Over the last seven months, Costello has grown to more fully appreciate supportive environments. Last fall he started pursuing a master's in geography. He's now taking 12 units per quarter and gaining a renewed sense of what it's like to be a student. "That's been fun-ny," Costello says. "It's allowed me to understand just where the cadets are coming from."
He expects to put his degree to military use, specializing in land-use planning. "I'm interested in how the military uses land, like with the transition at McClellan - what it takes to make that run smoothly."

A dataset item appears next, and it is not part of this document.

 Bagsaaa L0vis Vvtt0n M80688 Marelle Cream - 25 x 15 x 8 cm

While he has fulfilled his West Point commitments, Costello doesn't intend to leave the Army. "I never talk about doing anything else. I would miss aspects of teamwork and values; of trusting people at their word and being around people who want to do the right thing. They're not just pulling a paycheck; and that's good."
How have the events of Sept. 11 impacted your work?

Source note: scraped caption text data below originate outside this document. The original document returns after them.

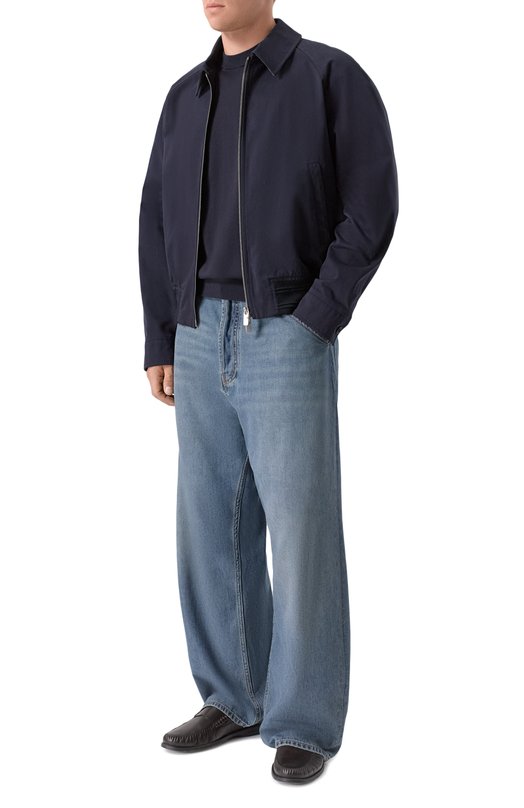 Хлопковый джемпер Laneus S6LAMAKE018 Синий  S6LAMAKE018 Фото 2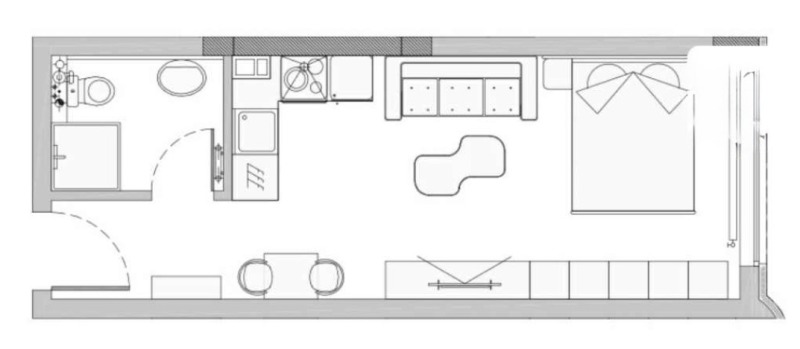 En venta  Estudio Sofia , Malinova dolina , 39 metros cuadrados | 29366292 - imagen [12]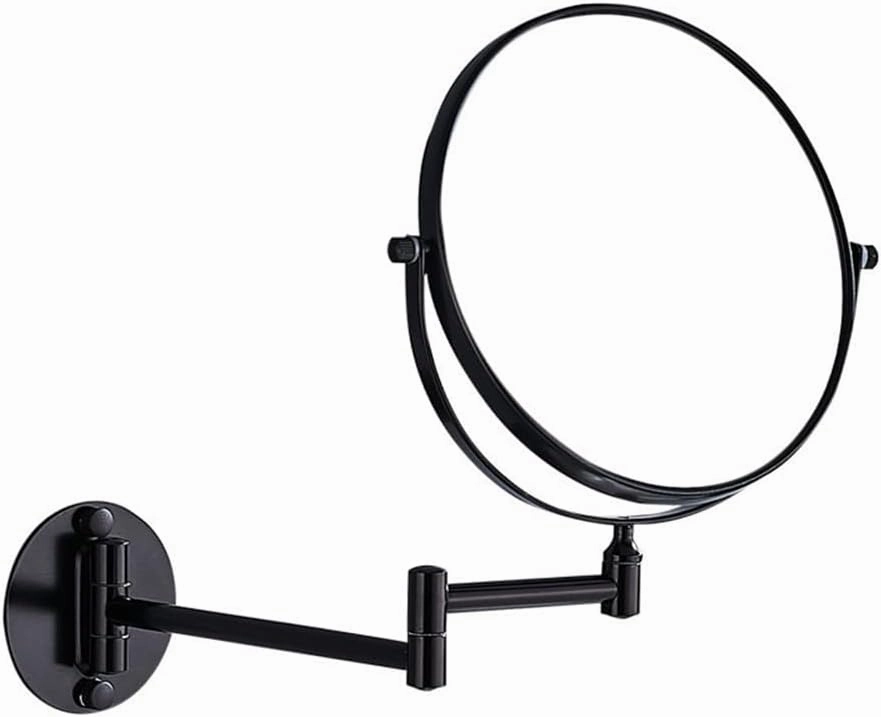 1x/3x Wall Mounted Makeup Mirror, Double Sided Vanity Mirror with Magnification, 360º Swivel Extendable Shaving Mirror Best Gift for Mother Girlfriend, 6 inch
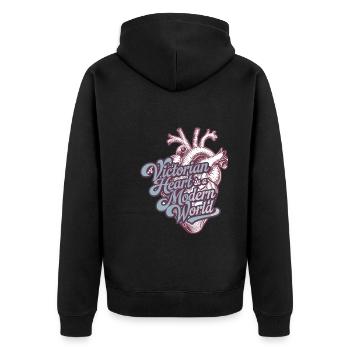 Geschichtsfächer Aus Der Viktorianischen Zeit, - Unisex Premium Bio Zip Hoodie - Schwarz - Hinten - Nico (187cm)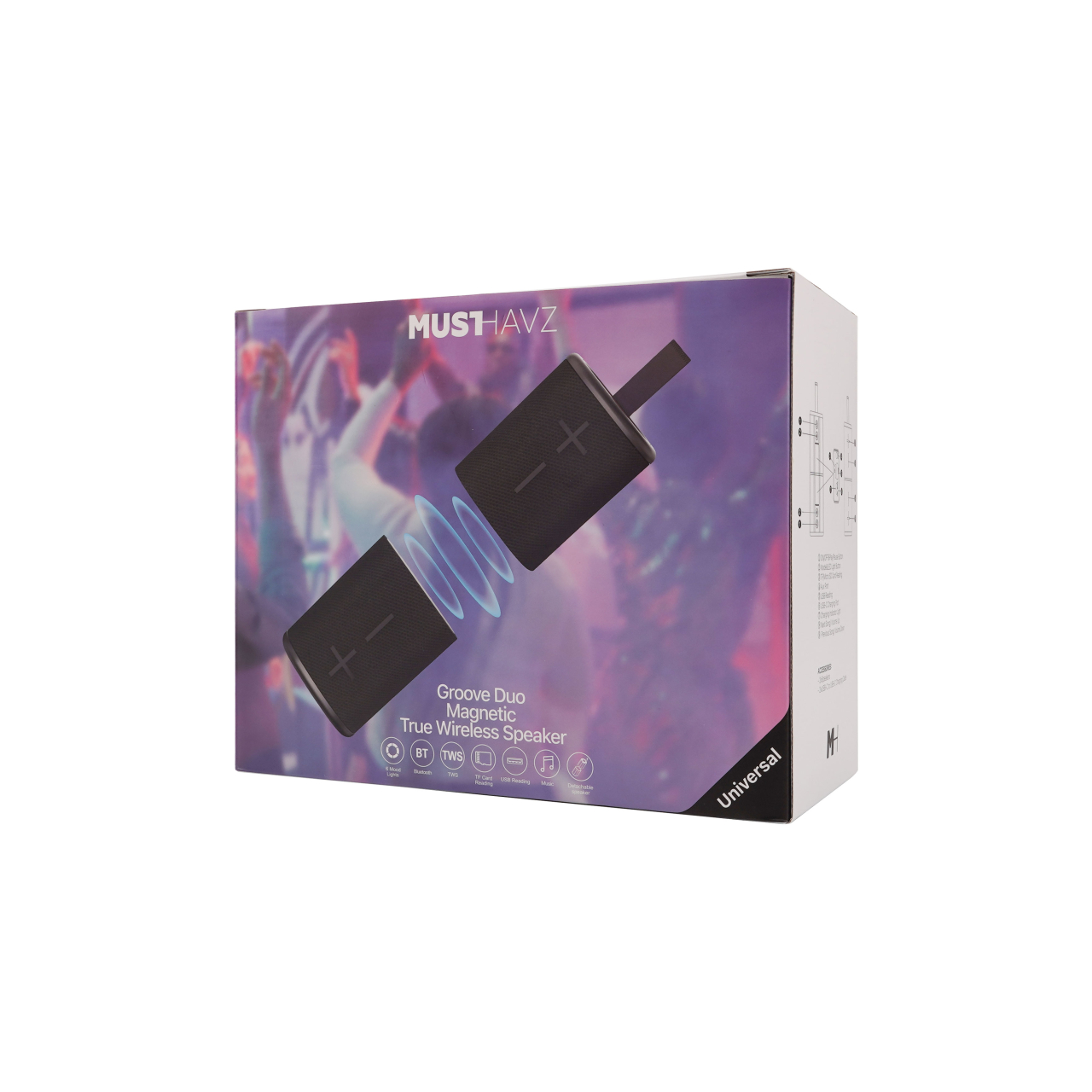 Boxa Portabila Musthavz Groove Duo True Wireless [4]
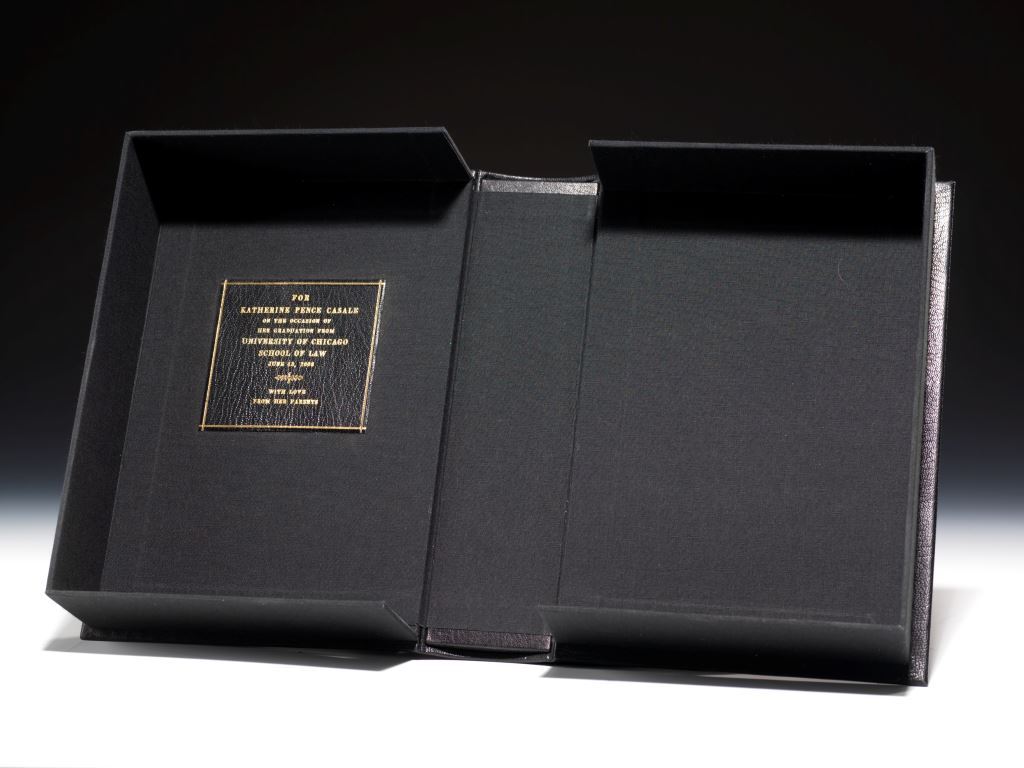 Mockingbird in custom leather box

There has been an attitude shift about the uniform. Public perception seems more supportive. There are more smiles on campus and more people see you and say, "Hey, how're ya doing?" and "Thanks for serving."

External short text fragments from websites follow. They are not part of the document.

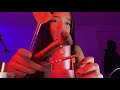 ASMR mic brushing and cupped whispers
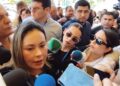 Yeraldine Bonilla descarta represión tras marcha contra GPO y Mexinol en Topolobampo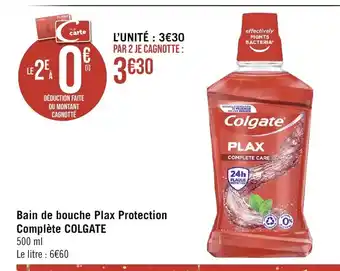 Bain de bouche Plax Protection Complète COLGATE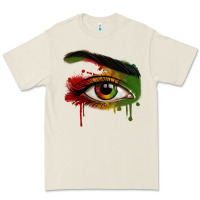 Bone Watercolor Juneteenth eyes Premium Tee - RanaPortraitStore
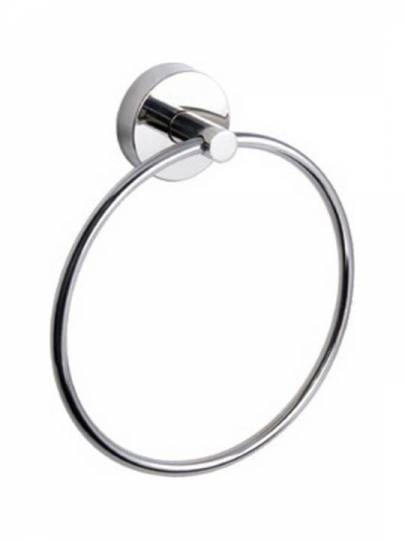 Karag Uno Κρίκος Μπάνιου Μονός με Βίδες &#8203;17x17cm Inox Ασημί 1220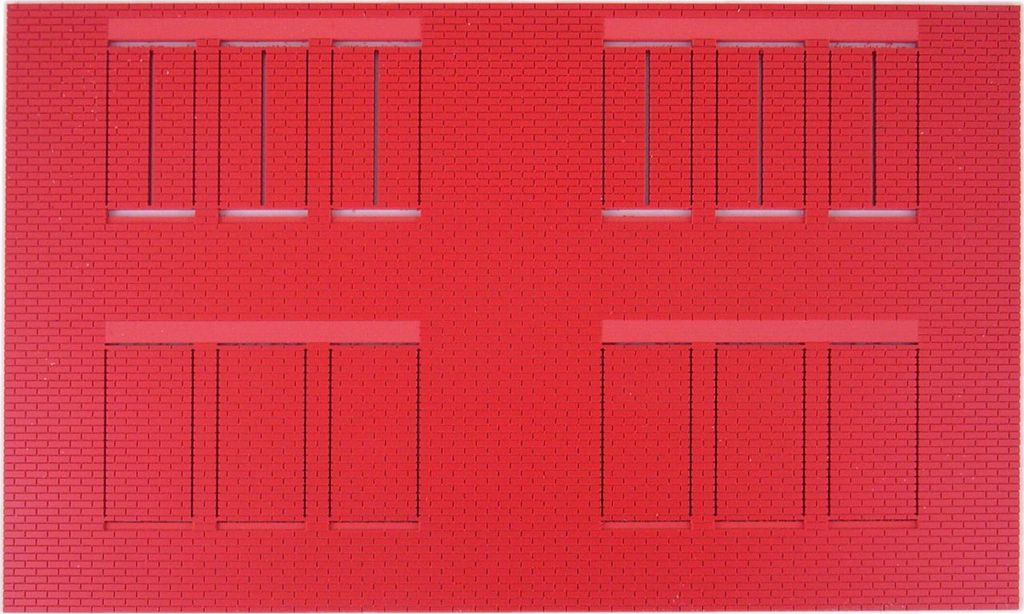 Fassade gerade Fenster mittel/mittel 500 x 300 x 5 mm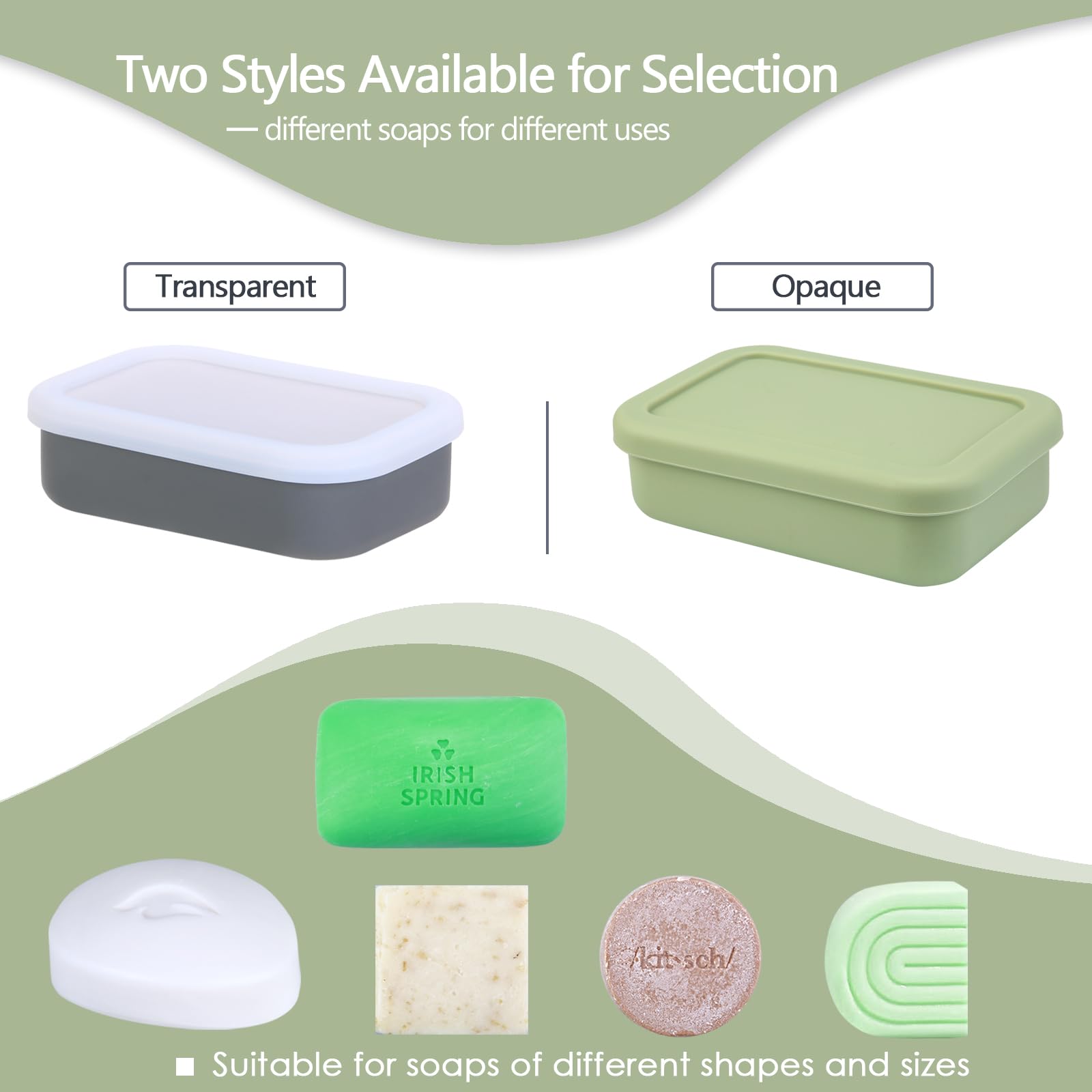 Travel Soap Container, Leakproof Soap Case, Large Shampoo Bar Case, Leakproof Soap Box With Draining Layer, Slip-Resistant Porta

What's the best advice you've ever received?
That, as a commander, if your soldiers are your first concern, everything else will always take care of itself. In the same way, we have to care about our cadets' problems, whether they're academic or family problems; otherwise they won't be able to put out 100 percent. And also that you don't have to be the best at everything, but you'd better be the best at one thing. I try to pass that on. For me, it's sit-ups. (His personal best is 112 in two minutes.)
What are your hobbies?
I'm really getting into running. I haven't gotten to the point where mentally I'm saying I'm training for a triathlon, but I'd like to do that soon. My wife and I also enjoy wine tasting in Napa. But we're expecting our first baby, so we've put that on hold. We've been traveling a lot though - to Mexico, Puerto Rico and Hawaii. We've always been outdoors types.
What do you always have in your refrigerator or cupboard?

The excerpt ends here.